Form of Elements of Inductive Semigroup
Theorem
Let $\struct {S, \circ}$ be an inductive semigroup.
Then the elements of $S$ are of the form:
- $\alpha \circ \beta \circ \beta \circ \cdots \circ \beta$
Proof
Recall the definition of inductive semigroup:
Let $\struct {S, \circ}$ be a semigroup.
Let there exist $\alpha, \beta \in S$ such that the only subset of $S$ containing both $\alpha$ and $x \circ \beta$ whenever it contains $x$ is $S$ itself.
That is:
- $\exists \alpha, \beta \in S: \forall A \subseteq S: \paren {\alpha \in A \land \paren {\forall x \in A: x \circ \beta \in A} } \implies A = S$
Then $\struct {S, \circ}$ is an inductive semigroup.
It follows from the definition that all elements of the form:
- $\alpha \circ \beta \circ \beta \circ \cdots \circ \beta$
are indeed elements of $S$.
Aiming for a contradiction, suppose $x \in S$ is not of the above form.
Let $A \subseteq S$ be such that $\alpha, x \in A$.

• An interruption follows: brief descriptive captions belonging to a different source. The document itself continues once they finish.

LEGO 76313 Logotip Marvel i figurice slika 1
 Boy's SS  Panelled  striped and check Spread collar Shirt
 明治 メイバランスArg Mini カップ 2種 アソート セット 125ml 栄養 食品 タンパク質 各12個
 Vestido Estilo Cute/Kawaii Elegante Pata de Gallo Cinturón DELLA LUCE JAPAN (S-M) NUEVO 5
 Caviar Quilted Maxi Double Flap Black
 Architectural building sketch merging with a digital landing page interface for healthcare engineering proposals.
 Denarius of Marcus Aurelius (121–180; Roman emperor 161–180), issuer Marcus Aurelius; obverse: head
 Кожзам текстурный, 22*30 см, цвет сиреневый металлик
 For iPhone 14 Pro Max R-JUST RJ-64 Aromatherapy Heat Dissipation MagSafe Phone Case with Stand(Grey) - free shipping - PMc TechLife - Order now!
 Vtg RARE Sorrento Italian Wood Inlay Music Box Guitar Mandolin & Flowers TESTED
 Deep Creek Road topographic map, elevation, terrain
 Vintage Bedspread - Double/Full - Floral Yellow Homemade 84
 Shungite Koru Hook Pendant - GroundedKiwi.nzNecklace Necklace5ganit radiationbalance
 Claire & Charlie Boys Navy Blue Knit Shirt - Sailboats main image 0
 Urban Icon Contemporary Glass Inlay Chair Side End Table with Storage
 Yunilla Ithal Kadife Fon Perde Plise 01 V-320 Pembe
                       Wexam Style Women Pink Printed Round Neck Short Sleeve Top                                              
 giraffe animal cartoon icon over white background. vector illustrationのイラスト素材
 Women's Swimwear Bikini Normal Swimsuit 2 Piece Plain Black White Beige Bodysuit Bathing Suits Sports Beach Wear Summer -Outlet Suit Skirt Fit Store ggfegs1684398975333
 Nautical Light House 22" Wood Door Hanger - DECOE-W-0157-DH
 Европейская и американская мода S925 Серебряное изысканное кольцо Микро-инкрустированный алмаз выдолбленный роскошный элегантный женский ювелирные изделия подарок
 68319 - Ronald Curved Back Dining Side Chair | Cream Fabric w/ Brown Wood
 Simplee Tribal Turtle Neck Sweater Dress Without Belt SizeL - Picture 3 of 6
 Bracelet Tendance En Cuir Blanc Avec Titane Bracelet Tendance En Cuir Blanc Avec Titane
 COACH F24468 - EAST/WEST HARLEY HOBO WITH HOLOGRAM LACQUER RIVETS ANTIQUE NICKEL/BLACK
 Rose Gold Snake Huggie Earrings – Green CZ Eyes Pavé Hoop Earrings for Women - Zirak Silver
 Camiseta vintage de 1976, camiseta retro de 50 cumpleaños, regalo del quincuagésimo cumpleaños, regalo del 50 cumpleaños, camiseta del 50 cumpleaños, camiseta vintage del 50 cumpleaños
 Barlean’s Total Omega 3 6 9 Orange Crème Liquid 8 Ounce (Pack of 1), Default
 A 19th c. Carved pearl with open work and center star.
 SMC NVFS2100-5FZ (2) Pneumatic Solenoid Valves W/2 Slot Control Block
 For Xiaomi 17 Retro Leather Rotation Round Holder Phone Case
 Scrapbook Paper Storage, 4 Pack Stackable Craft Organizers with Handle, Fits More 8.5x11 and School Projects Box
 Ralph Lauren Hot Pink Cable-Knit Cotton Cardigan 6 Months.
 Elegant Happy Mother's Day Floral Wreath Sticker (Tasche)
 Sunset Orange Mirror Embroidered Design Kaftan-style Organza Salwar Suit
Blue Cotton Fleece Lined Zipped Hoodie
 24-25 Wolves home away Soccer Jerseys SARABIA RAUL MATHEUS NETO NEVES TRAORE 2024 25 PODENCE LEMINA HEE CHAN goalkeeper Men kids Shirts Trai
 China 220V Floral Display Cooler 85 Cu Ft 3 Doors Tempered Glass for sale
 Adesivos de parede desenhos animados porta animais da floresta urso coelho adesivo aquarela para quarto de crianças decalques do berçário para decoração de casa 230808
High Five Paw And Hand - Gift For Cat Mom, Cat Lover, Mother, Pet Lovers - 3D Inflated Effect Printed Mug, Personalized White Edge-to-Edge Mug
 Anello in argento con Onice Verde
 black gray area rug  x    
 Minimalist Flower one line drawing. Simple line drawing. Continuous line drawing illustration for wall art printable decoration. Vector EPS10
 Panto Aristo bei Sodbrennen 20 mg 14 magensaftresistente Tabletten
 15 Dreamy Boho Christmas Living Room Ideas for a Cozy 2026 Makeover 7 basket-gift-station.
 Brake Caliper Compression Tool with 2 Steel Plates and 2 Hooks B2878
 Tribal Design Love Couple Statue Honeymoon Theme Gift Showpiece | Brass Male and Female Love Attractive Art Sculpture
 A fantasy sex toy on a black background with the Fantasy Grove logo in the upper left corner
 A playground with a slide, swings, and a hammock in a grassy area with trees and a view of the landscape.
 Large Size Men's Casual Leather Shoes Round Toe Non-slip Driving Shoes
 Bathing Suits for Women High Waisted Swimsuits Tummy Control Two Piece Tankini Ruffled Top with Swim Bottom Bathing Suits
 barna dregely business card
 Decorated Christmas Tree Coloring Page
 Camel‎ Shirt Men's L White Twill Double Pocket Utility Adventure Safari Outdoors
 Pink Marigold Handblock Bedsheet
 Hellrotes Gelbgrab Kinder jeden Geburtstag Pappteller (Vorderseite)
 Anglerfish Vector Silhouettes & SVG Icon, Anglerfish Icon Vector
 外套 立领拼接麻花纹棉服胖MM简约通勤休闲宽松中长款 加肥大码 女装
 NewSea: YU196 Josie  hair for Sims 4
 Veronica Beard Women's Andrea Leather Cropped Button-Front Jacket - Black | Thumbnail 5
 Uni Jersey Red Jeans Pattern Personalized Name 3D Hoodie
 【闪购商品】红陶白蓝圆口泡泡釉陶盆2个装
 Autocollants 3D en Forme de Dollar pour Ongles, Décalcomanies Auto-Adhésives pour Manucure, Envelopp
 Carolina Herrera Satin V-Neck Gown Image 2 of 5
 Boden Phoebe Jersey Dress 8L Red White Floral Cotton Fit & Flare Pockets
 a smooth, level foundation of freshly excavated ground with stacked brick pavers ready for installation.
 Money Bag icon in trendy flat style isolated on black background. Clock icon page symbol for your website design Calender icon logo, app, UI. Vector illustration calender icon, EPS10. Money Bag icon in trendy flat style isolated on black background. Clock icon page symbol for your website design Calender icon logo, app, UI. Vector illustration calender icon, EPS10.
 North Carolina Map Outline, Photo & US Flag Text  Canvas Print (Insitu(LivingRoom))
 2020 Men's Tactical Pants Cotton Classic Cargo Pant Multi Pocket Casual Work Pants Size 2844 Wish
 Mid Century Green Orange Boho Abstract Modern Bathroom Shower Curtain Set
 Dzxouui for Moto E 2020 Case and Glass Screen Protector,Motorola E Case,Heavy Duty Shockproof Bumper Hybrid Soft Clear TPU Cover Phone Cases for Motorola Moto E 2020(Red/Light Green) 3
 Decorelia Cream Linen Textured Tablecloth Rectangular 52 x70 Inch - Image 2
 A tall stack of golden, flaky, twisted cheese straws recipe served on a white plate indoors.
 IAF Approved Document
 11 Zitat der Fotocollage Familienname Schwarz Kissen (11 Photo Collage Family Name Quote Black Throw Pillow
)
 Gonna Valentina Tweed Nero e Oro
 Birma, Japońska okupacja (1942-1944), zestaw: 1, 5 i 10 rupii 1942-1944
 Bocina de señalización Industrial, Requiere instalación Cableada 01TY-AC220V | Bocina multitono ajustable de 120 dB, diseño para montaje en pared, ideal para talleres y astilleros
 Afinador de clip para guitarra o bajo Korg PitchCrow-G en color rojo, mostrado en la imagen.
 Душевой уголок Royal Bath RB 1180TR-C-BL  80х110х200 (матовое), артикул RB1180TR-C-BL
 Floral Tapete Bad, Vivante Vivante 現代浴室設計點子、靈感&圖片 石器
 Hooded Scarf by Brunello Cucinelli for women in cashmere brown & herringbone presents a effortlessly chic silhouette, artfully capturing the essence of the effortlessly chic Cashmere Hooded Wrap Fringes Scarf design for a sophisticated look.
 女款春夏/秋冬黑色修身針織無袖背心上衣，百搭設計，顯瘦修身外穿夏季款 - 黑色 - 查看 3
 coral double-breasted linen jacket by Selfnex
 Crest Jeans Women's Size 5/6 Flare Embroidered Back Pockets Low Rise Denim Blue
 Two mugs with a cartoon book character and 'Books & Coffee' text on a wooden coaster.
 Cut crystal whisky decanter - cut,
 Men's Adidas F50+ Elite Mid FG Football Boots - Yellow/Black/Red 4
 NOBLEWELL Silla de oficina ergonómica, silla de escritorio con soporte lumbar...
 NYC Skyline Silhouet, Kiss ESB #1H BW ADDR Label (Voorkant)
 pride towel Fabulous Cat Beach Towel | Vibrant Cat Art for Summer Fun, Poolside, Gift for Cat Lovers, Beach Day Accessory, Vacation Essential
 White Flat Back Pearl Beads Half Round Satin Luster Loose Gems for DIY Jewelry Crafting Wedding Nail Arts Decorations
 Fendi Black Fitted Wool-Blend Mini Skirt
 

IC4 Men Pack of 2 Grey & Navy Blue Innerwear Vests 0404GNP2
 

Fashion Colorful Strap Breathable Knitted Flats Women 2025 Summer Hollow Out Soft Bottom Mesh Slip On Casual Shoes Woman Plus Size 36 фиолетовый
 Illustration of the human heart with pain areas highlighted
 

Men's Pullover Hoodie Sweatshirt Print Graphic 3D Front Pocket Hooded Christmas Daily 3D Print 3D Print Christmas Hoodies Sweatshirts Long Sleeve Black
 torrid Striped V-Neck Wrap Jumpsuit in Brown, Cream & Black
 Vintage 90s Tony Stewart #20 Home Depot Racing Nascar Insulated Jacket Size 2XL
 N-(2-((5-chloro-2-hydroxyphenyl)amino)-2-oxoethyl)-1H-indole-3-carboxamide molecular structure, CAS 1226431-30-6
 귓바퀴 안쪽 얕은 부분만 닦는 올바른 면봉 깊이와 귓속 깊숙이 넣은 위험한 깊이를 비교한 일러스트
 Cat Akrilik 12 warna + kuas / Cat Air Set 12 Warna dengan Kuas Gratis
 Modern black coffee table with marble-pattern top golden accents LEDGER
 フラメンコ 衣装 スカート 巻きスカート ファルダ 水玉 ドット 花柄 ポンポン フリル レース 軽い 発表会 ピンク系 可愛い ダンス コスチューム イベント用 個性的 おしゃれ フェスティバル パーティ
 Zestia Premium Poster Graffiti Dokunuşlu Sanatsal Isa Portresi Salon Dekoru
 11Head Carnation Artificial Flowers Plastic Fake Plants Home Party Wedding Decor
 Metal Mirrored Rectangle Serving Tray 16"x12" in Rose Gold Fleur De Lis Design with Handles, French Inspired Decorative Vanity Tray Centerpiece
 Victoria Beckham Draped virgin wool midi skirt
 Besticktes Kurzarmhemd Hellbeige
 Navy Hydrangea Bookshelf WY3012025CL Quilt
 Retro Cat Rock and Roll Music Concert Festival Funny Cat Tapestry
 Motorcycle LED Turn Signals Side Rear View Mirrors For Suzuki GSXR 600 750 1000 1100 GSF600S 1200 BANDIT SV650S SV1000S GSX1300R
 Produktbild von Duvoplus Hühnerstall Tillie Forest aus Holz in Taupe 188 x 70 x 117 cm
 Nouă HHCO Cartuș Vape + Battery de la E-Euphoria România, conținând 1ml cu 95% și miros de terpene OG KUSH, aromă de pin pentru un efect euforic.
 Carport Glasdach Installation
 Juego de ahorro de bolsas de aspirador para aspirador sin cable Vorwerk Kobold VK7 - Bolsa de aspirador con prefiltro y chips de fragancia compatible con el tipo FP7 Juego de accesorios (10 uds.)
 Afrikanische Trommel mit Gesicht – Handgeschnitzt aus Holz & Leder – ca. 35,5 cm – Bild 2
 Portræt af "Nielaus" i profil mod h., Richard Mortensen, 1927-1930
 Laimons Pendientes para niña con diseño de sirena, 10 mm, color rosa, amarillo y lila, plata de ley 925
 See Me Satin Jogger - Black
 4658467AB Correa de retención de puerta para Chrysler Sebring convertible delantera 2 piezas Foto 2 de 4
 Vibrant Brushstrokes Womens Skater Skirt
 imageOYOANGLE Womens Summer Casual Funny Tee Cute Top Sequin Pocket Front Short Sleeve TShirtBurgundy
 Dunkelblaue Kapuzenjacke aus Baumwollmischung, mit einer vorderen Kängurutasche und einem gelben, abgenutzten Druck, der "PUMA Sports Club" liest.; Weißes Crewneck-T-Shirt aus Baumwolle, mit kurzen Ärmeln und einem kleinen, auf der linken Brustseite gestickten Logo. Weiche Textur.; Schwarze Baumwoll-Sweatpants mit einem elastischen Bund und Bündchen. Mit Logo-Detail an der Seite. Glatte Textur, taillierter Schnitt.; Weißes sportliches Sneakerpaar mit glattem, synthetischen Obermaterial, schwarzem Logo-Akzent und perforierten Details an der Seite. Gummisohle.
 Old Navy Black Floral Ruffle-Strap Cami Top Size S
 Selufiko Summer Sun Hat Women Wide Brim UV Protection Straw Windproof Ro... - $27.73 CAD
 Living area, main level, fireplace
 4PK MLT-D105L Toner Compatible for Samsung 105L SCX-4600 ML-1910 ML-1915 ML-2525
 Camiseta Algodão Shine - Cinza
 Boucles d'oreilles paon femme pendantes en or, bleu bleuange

Then $A$ contains elements of the form:
- $x, x \circ \beta, x \circ \beta \circ \beta, \ldots$
Now let $B \subseteq S$ be such that $\alpha \in B$ but $x \notin B$.
Then $B$ is of the form:
- $\exists \alpha, \beta \in S: \paren {\alpha \in B \land \paren {\forall x \in B: x \circ \beta \in B} }$
but because $x \in S$ while $x \notin B$ it follows that:
- $B \ne S$
and so $S$ is not inductive.
From this contradiction it follows that all elements of $S$ are of the form:
- $\alpha \circ \beta \circ \beta \circ \cdots \circ \beta$
$\blacksquare$